2. Results and Discussions

2.1. Selection of Suitable Biomass Carbon

The selection of walnut shell biomass material is based on adsorption capacity, decolorization efficiency, cost, availability, etc. Batch studies were performed using various agricultural biomass carbon (coffee husks, sawdust, walnut shell, and coir pith) in separate batches at room temperature to evaluate the maximum efficiency of RBBR dye adsorption and the results are shown in Figure S1. As shown in Figure S1, the maximum decolorization efficiency (76.54%) of RBBR was observed using the adsorbent walnut shell carbon with an initial dye concentration of 150 mg L⁻¹ at pH 2. This could be due to the availability of a greater number of active sites on the walnut shell carbon particle surface. The surface area and pore volume of the walnut shell char were found to be 14.38 m² g⁻¹, and 12.25 mm³ g⁻¹, respectively and it is higher than other agricultural biomass carbon. Hence, out of four distinctive adsorbent options, walnut shell char fine powder was found to exhibit better results and was studied for further analysis.

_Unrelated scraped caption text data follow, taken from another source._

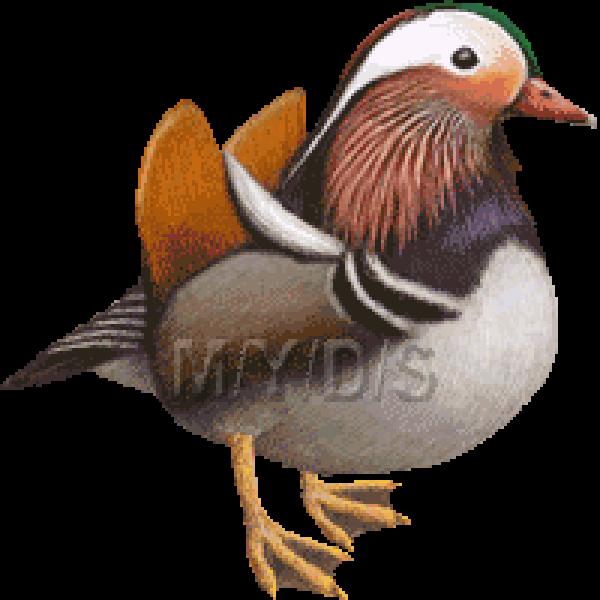 Mandarin Duck clipart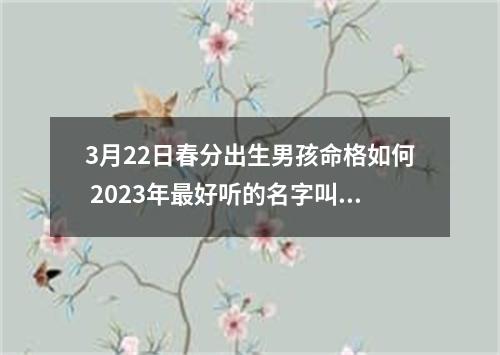 3月22日春分出生男孩命格如何 2023年最好听的名字叫什么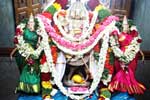 திருத்தணியில்  ஆனி கிருத்திகை விழா 60 ஆயிரம் பக்தர்கள் தரிசனம்!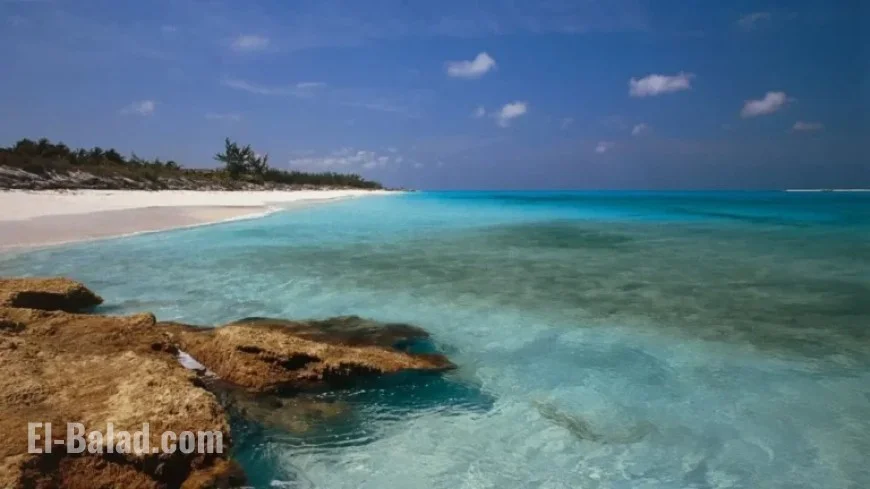 Bahamas Authorities Detain Eight Americans Over High-Powered Weapons Cache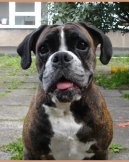 Photos: Deutscher boxer (Dog standard) (pictures, images)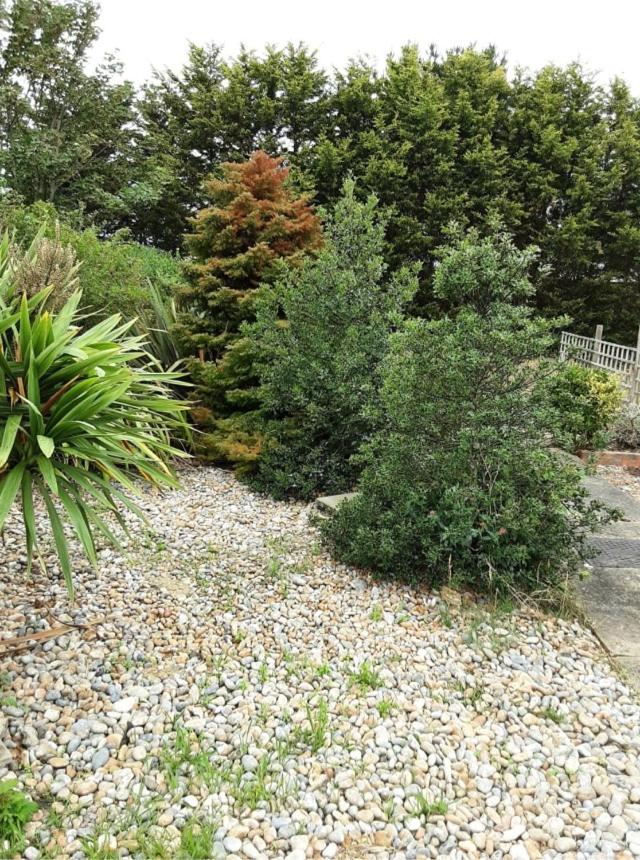 Photo 34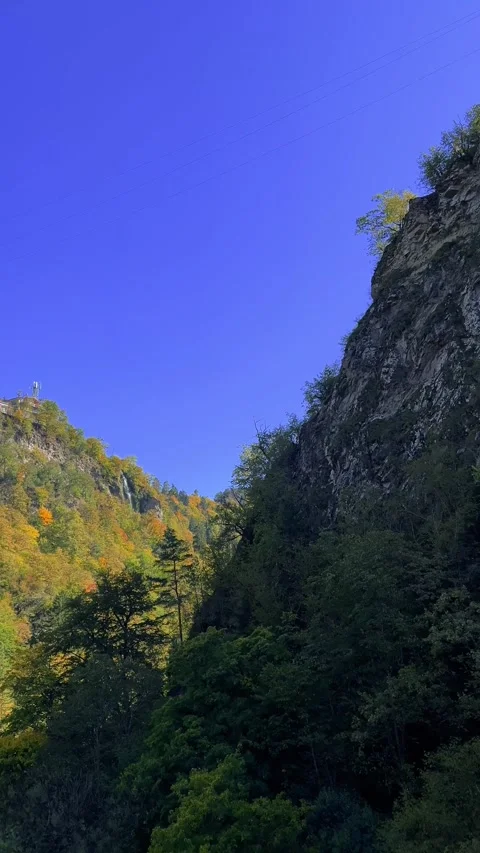 View from cable car cabin to Borjomi mountains Video stock 290153014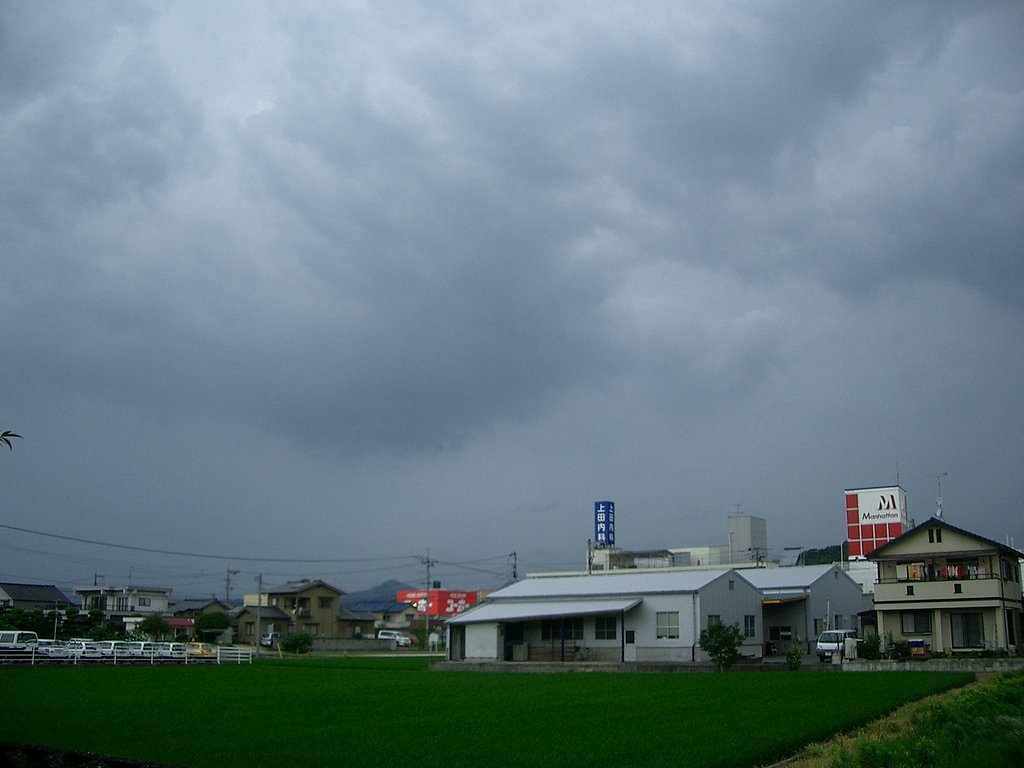 雨です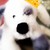 :iconwebkiinzxart:
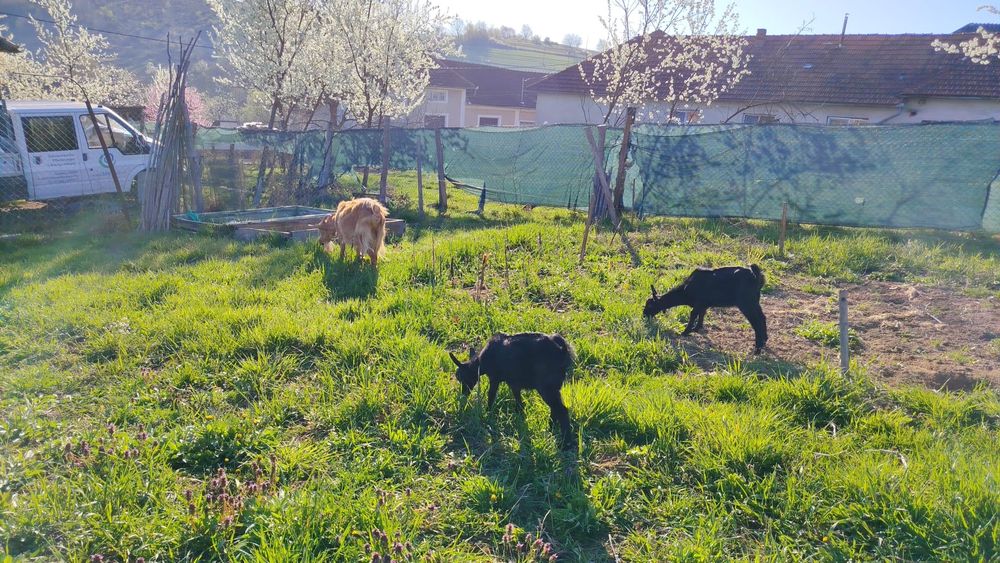 Capra alpina franceza și iezi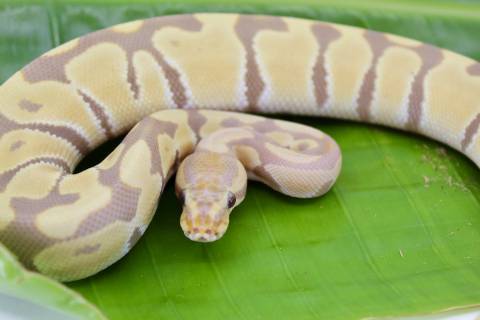 Baby Candy Ball Pythons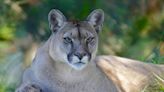 Reported mountain lion in Pa. was a 'feral house cat,' state says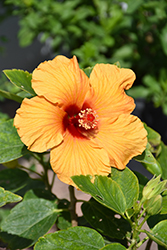 Jazzy Jewel Gold Hibiscus (Hibiscus rosa-sinensis 'BH-03') at Stonegate Gardens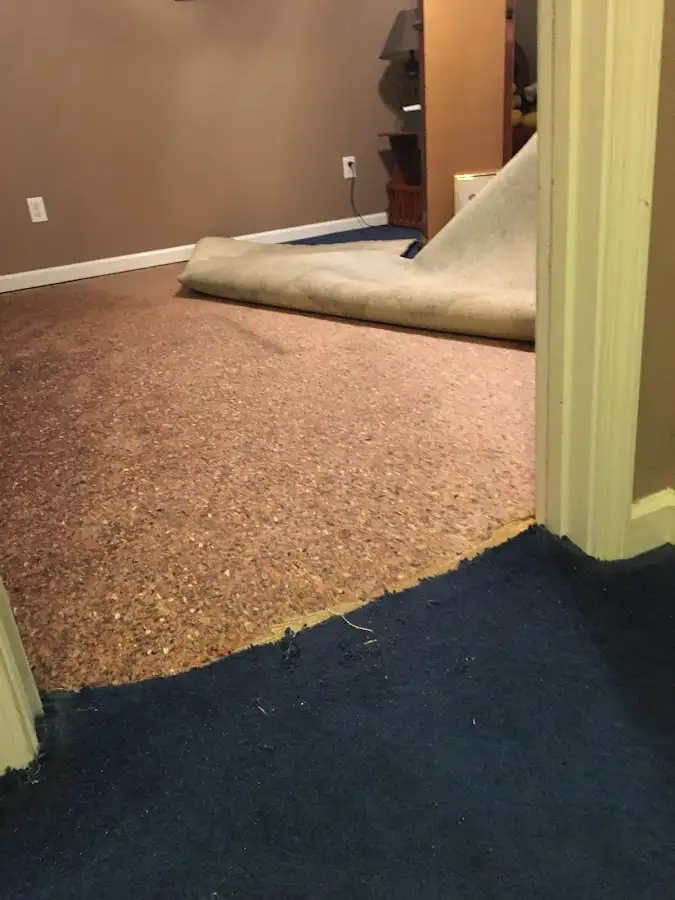 Carpet pad removal revealing water damage during Water Mitigation Services in Brunswick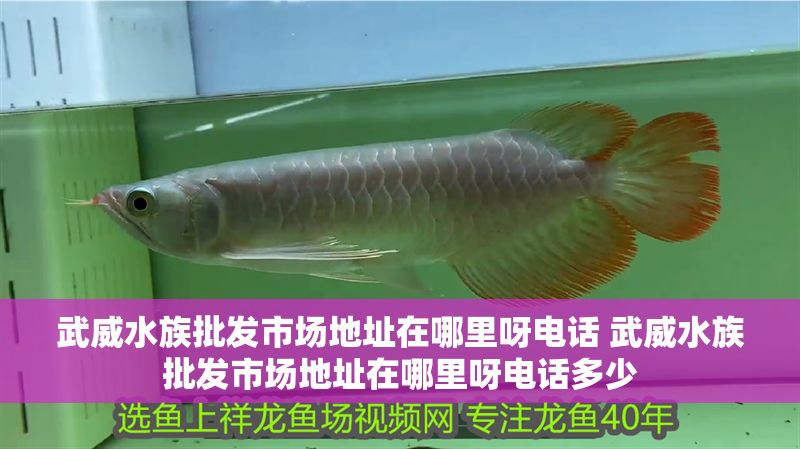 武威水族批發市場地址在哪里呀電話 武威水族批發市場地址在哪里呀電話多少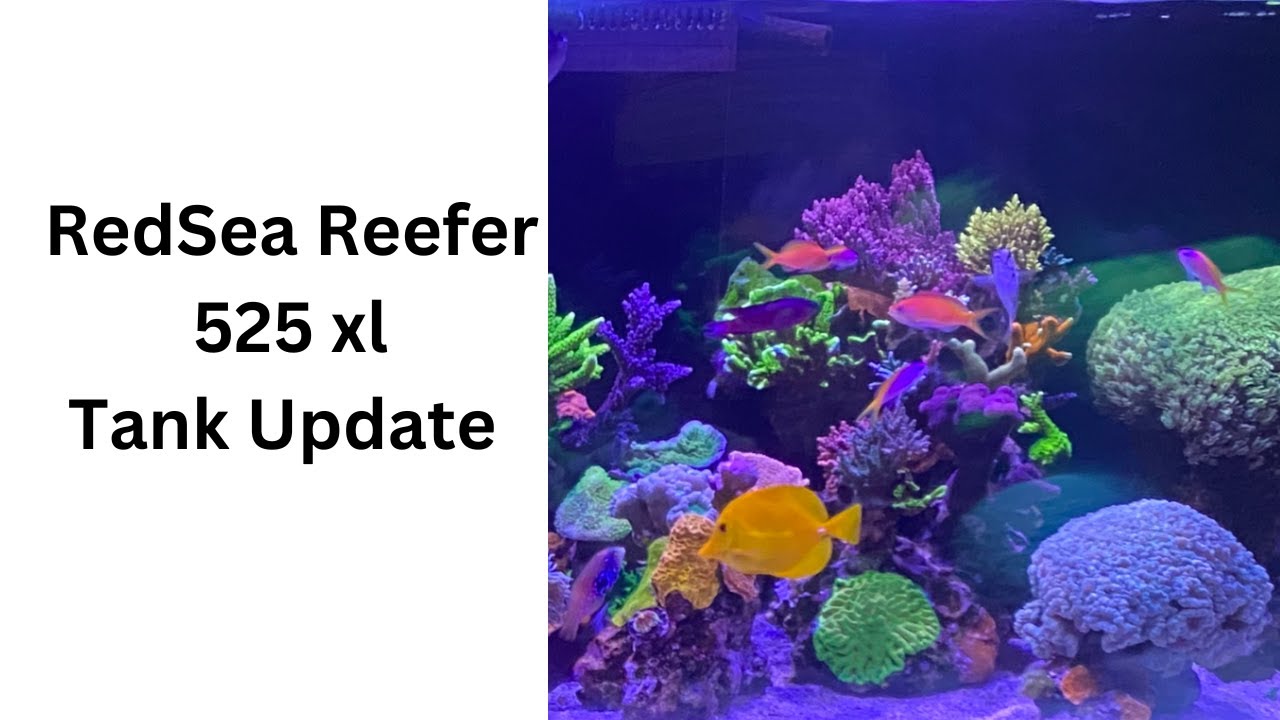 Red Sea Reefer 525xl Tank Update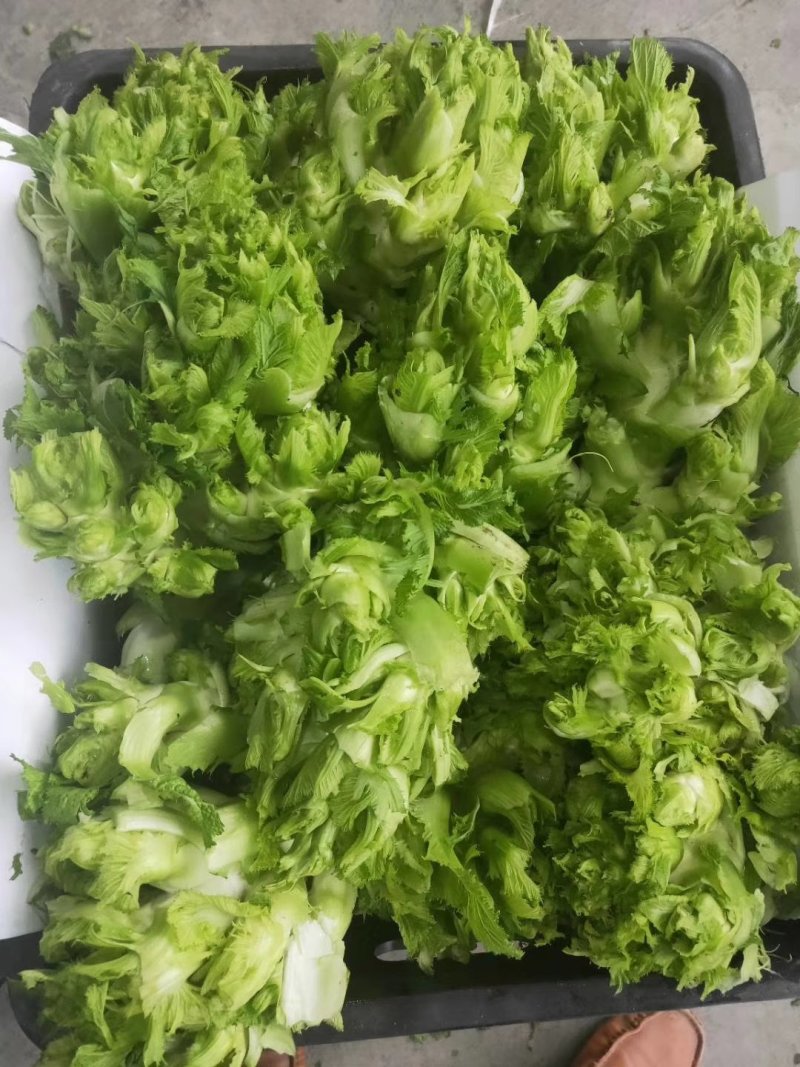 儿菜大量上市了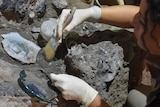 A woman with latex gloves dusts an ancient embedded artefact with a paint brush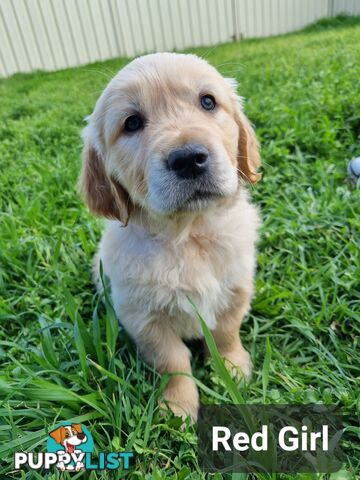 Golden Retriever Puppies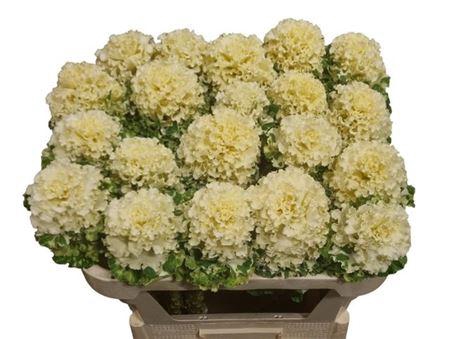 <h4>Brass Crane Ru White</h4>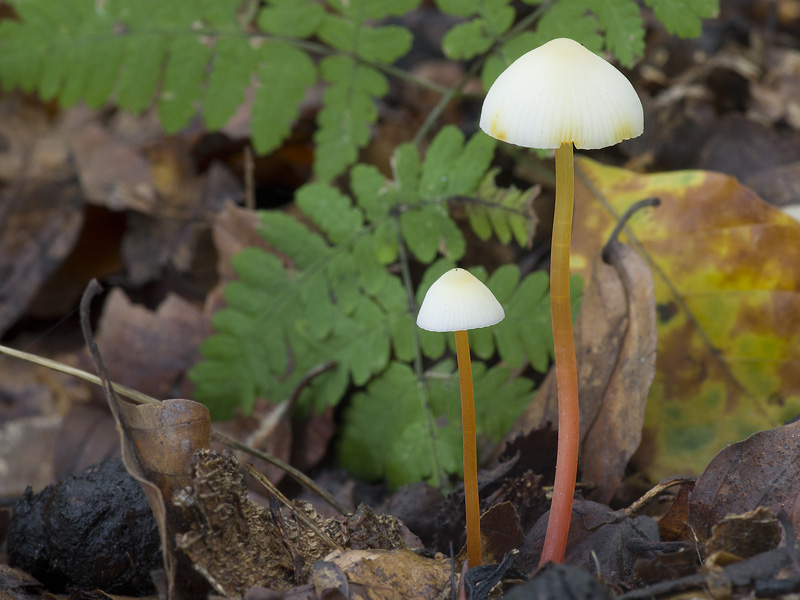 Mycena crocata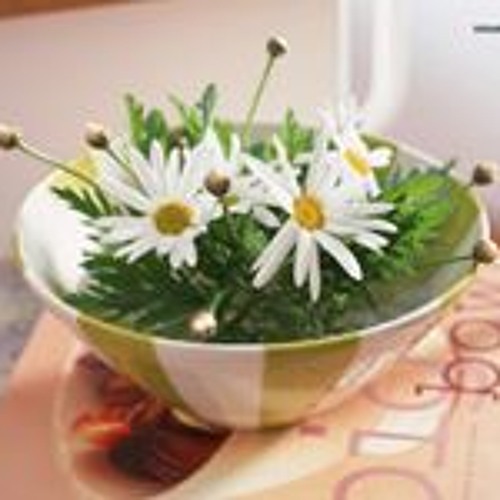 Lien khuc điệu lý: Tet Que Huong - Giang Hong, Ngoc Ai Phuong, Bao Anh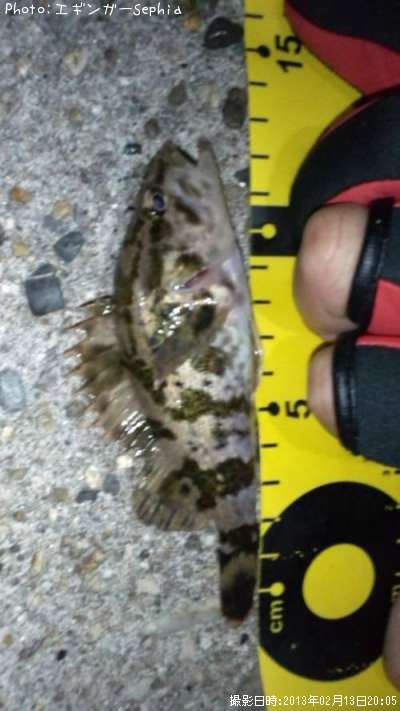 �����Υ���Х�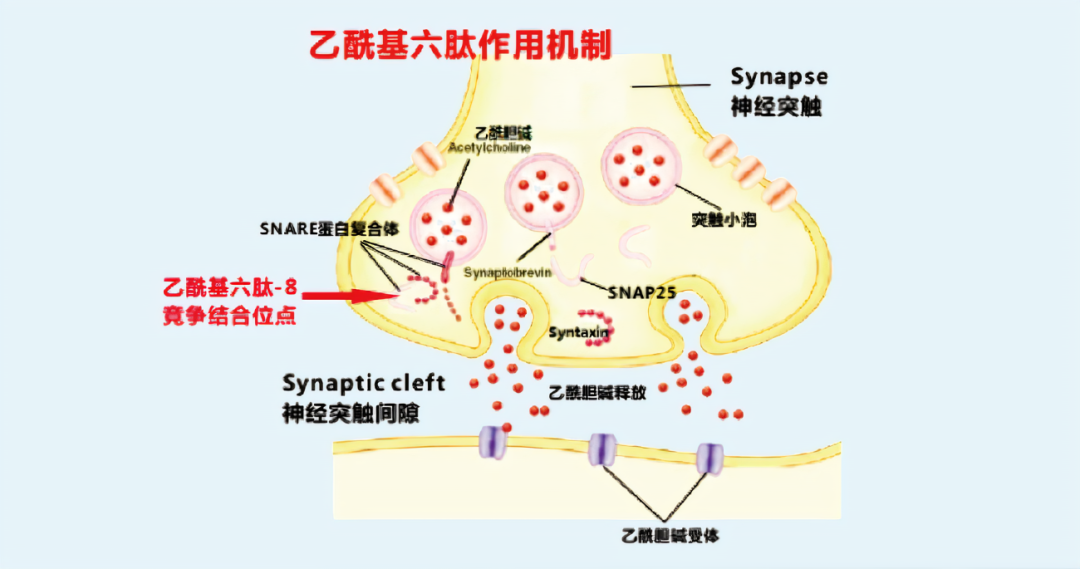 2022年護膚熱門功效成分有哪些？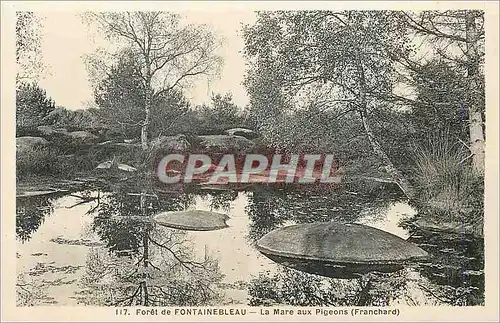 Ansichtskarte AK Foret de Fontainebleau La Mare aux Pigeons (Franchard)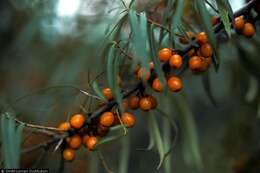 Image of Sea-buckthorn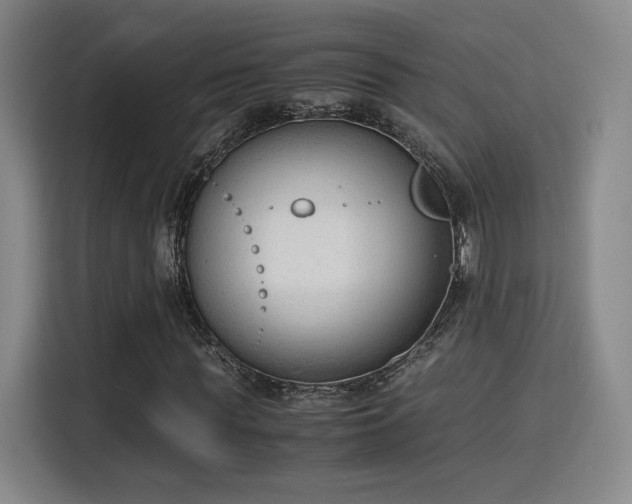 X0000115840819200911201551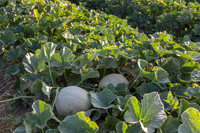Melon_SVMF5196_CA_0013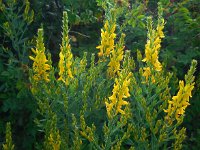 Genista tinctoria 25, Verfbrem, Saxifraga-Ed Stikvoort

2.2. Selection of Suitable Reagent for Activation of Walnut Shell Biomass Carbon

The carbonized walnut shell biomass was activated using various activating agents, such as CaCl₂, KOH, and HNO₃, in separate batches to evaluate the efficacy of RBBR dye adsorption; the results are compared with untreated biomass carbon at room temperature and this is shown in Figure 1. The physical characteristics and adsorption efficiency of untreated and activated walnut shell biomass carbon are reported in Table 1. As shown in Figure 1, the maximum color removal efficiency of RBBR using HNO₃-activated walnut shell biomass carbon (1:3 ratio) with an initial dye concentration of 200 mg L⁻¹ was 87.92% at pH 2 compared to other activated walnut shell biomass carbon. Table 1 shows that the increased surface area and pore volume of the biomass carbon by chemical activation reagent increased the number of binding sites accessible for the adsorption of RBBR dye molecules. The maximum surface area and pore volume (22.79 m² g⁻¹, and 16.1 mm³ g⁻¹) have been found using HNO₃-treated WSBAC with the ratio 1:3 (powder: activation reagent). The increase in the surface area of the adsorbent is mainly due to an increase in micropore volume [32]. The carbonized WSBAC proved to have superior adsorptive properties when compared to biomass without activation [28]. Therefore, out of three different impregnation ratios of various activation agents, the HNO₃-treated walnut shell powder activated carbon (1:3 ratio) was found to exhibit better results, and hence was considered for further investigation. A similar observation has been reported elsewhere [19].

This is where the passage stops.